There is more to choosing an ATV tyre than just the size required. ATV tyres are made and tested to work under certain criteria and limitations and the marking found on the sidewall of the tyre, all help choose the correct tyre for the application.
Maximum Inflation Pressures show what the maximum pressure that should be used to 'seat the beads' of the tyres onto the rim. ATV tyres are notoriously difficult to fit and it is tempting to inflate the tyre pressure far beyond the maximum pressure marked on the sidewall. This can cause premature failure of the structure of the tyre and is something that should be avoided at all costs. The use of the correct tyre lubricant and fitting equipment is always recommended to ensure the safe operation and continued reliability of the tyre.
Operating Pressure shows what the optimal tyre pressure is to use in the tyre. If the tyre has a load speed index, the operating pressure is where the maximum load and speed are achieved. Inflating the tyre beyond the recommended operating pressure will not increase the carrying capacity or performance of the tyre.

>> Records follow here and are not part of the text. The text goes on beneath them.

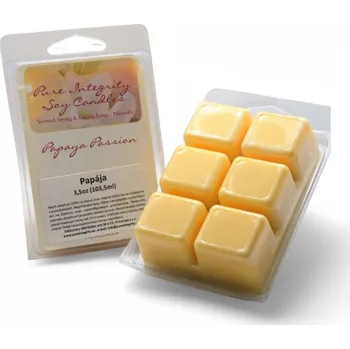vonný vosk Pure Integrity USA Vonný sójový vosk PAPÁJA (PAPAYA) 3,5oz (103g)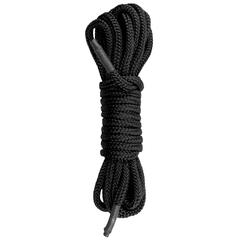 Corde d'esclavage noire - 10 m pas cher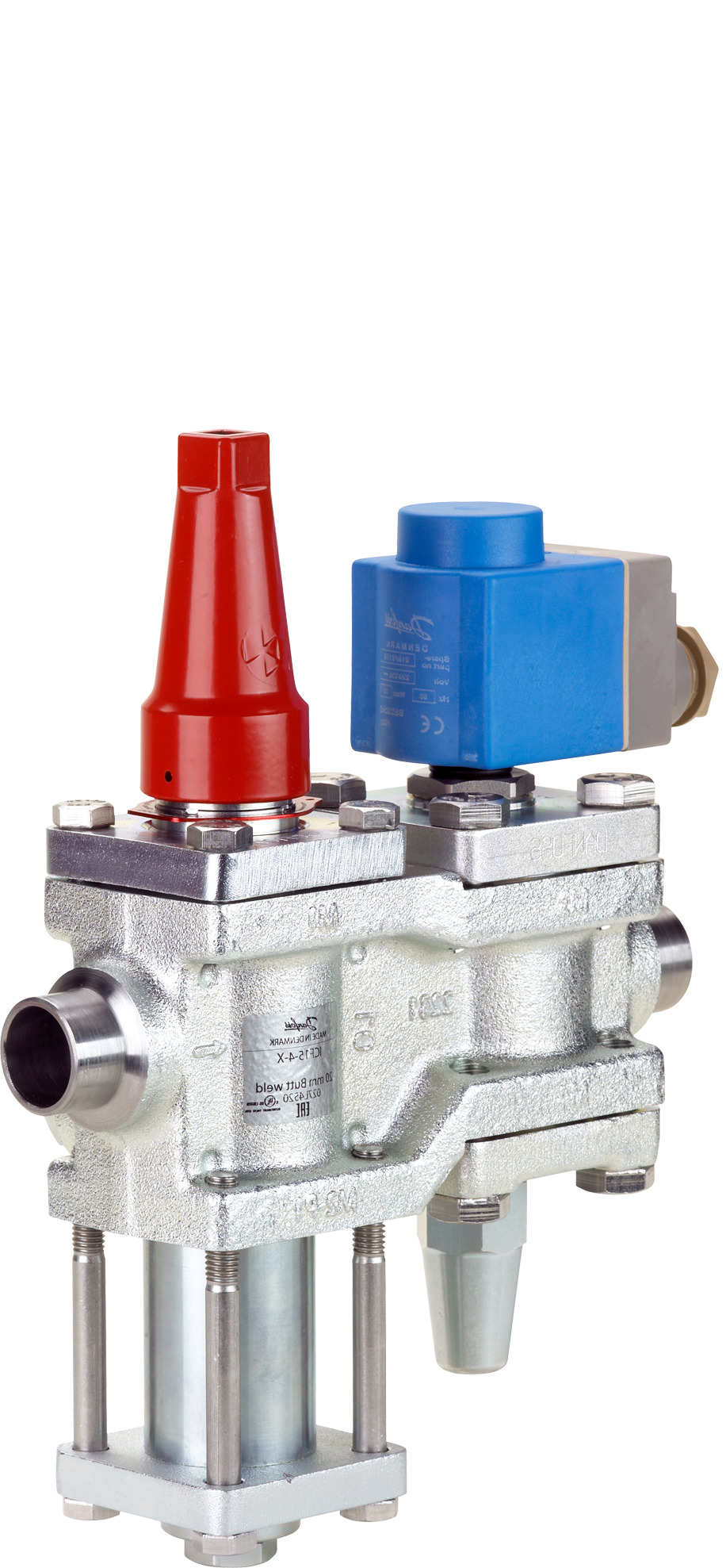 Danfoss ICF 15 — многофункциональные клапанные станции ICF 15-4-18H (20 DIN) Клапан-регулятор у 027L4550  - Вид №7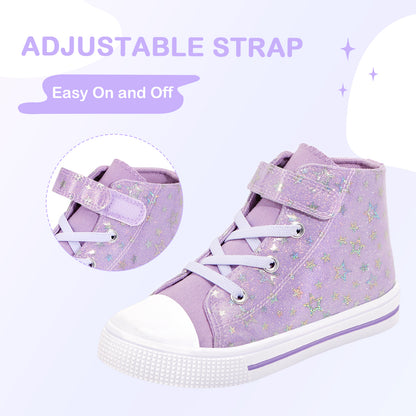 EUXTERPA Children's High Top Sneakers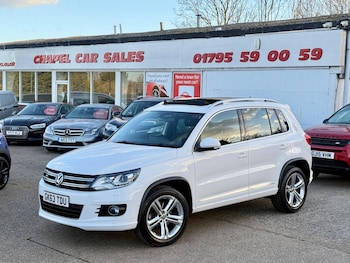 Volkswagen Tiguan feature image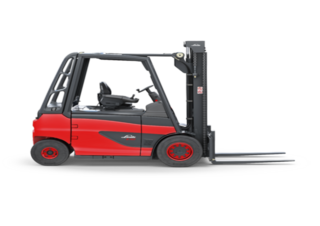 Elektrische vorkheftrucks Linde E50/500HL Std.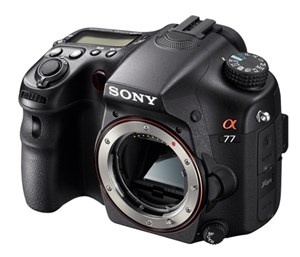 Lộ ảnh, thông số kỹ thuật chính thức của Sony A77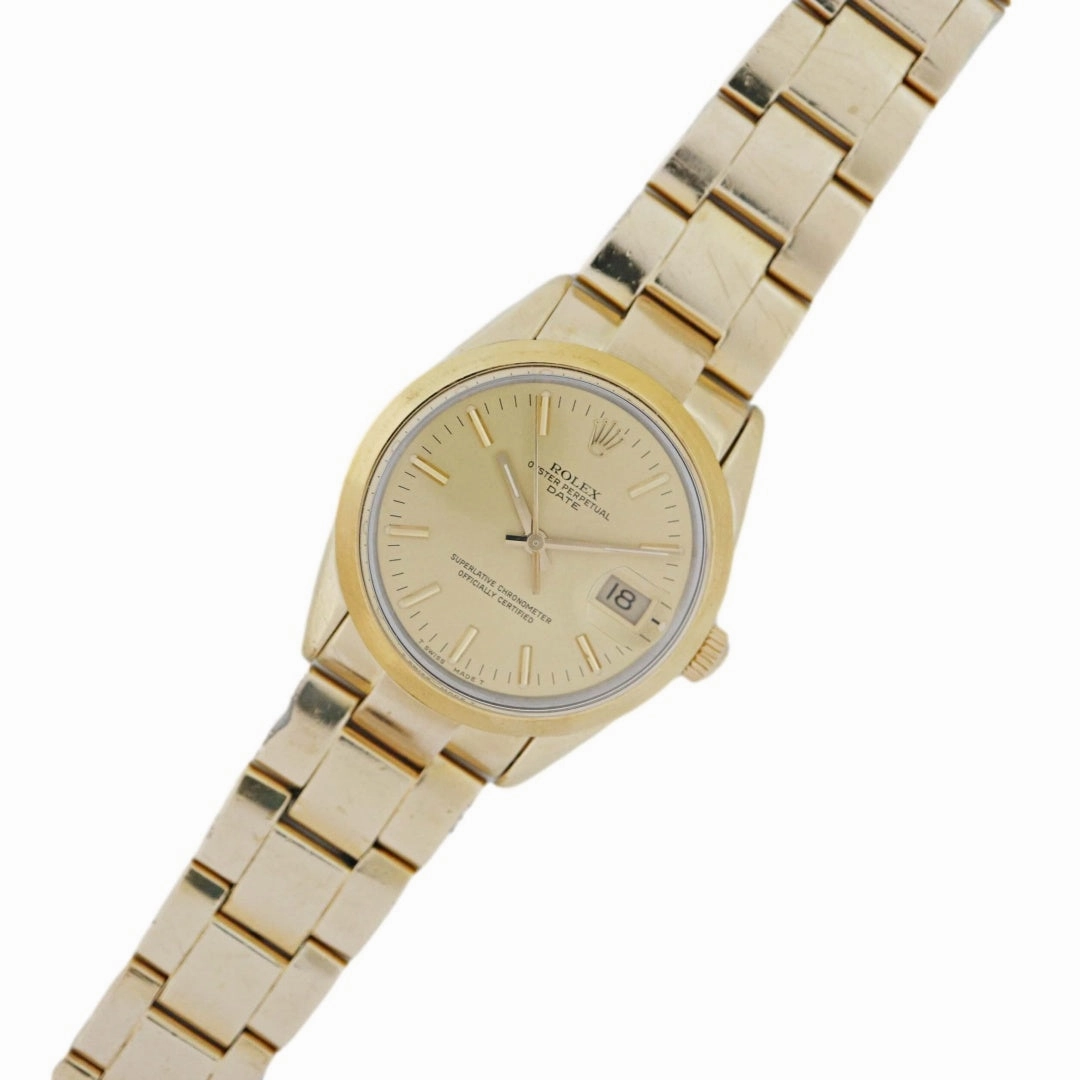 Rolex Oyster Perpetual Date ref 15505, 1984
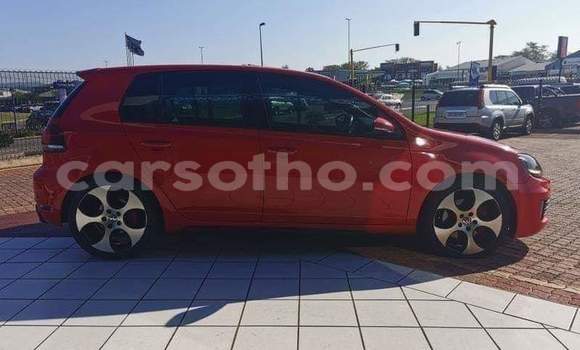 Sayi Na hannu Volkswagen Golf GTI Red Mota in Maseru a Maseru Sayi Na hannu Volkswagen Golf GTI Red Mota in Maseru a Maseru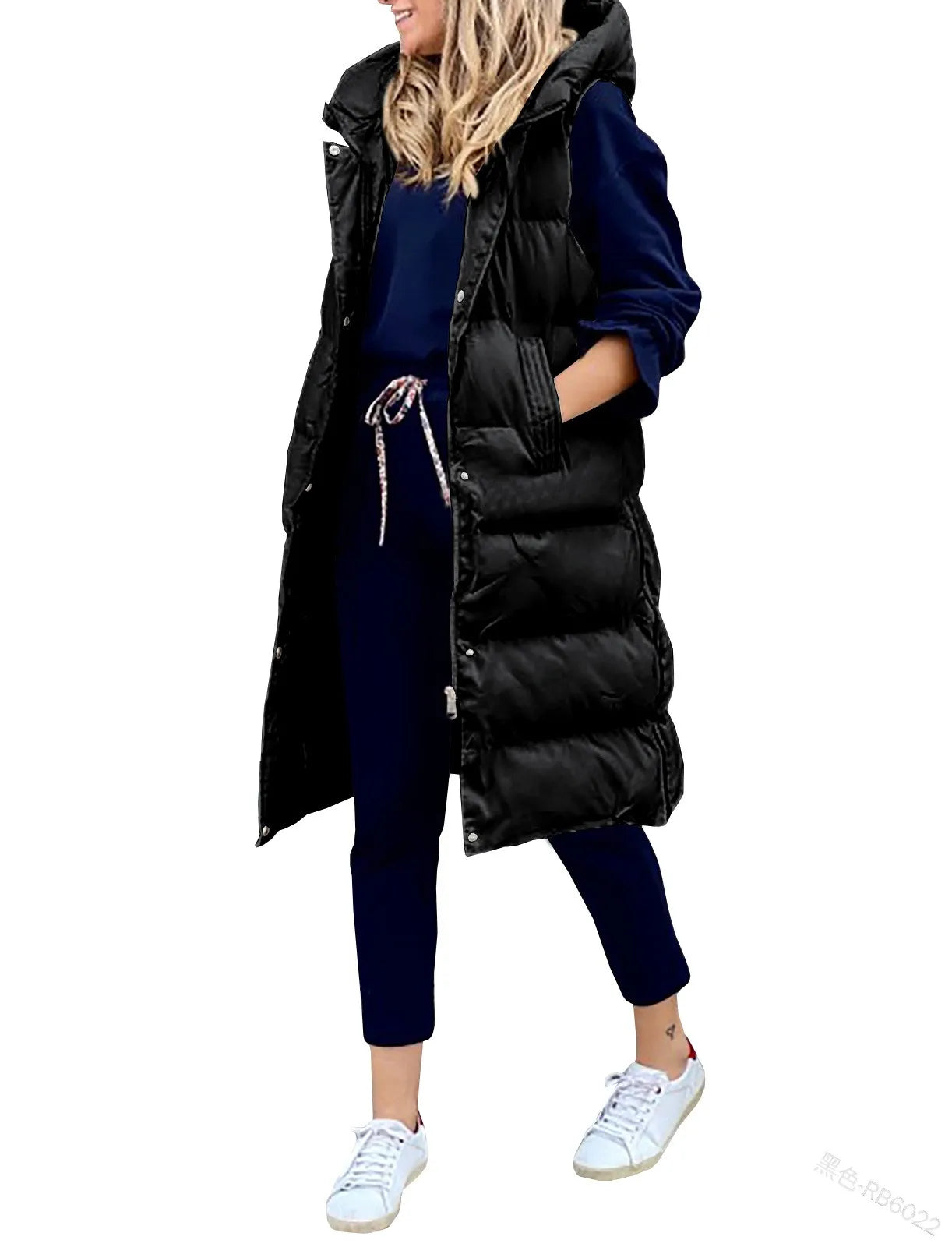 Ariane - Manteau Long Hivernal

Load Index is the limit of weight that the tyre can safely carry at the recommended operating pressure. ATV Tyre manufacturers design the tyres to operate within certain weight parameters. Once the tyre has passed the tests, it is awarded a load rating. It is essential that the correct load rating is used for ATV tyres. Most all terrain vehicles used around the farm are worked hard and fitting a tyre that doesn't meet the requirements of the conditions can lead to premature wear, tyre damage or failure. Load indices are usually denoted by a number. The number itself is not the actual weight carried but represents the maximum weight that the tyre has been designed and tested for. Most tyres have a load index between 0 (45kg's) and 90 (600kg's). For more information on the ATV tyre load index, please visit our load index chart page.
Speed Rating is the maximum speed that the tyre has been designed to operate at. As with the load index, the speed rating is an important part of any tyre purchase. Ensuring you have the correct tyre for the job means better operation, reduced downtime and associated costs and increased overall value. ATV tyre speed indices are usually shown as a letter ranging from C (37mph) to N (87mph).
Some ATV tyres may not have any load speed index marked on the sidewall, but most e-marked tyres will show the load speed index. The load speed index is usually clearly marked on at least one of the sidewalls of the tyres.
Ply Ratings can be quite confusing in modern times and used to be the standard way to represent the overall strength of the tyre. Ply rating used to show how many plies of rubber that were used to make up the construction of the tyre. For example, if a tyre had a 6ply rating, it would be made up of 6 plies (layers) of rubber. Modern advances in all terrain vehicle tyre technology have lead to other materials than rubber being used and construction methods increasing the strength of the tyre. The PLY rating is less commonly used to convey the number of plies and is now more relevant in showing the strength of the tyre AS IF it had that number of plies of rubber. ATV tyre ply rating is still useful in assessing the overall strength and puncture resistance of the tyre.
E-Marks show the specific number allocated to the tyre, that have been allocated for use by the EU. The 'E mark' or 'e number' shows that the tyre has been manufactured to a specific criteria and recorded by the EU for use in the EU. All tyres used on PLG registered vehicles including All terrain vehicles must have e marked tyres to be classed as roadworthy / legal. E marks are also a requirement to pass an MOT test in the UK for PLG registered vehicles.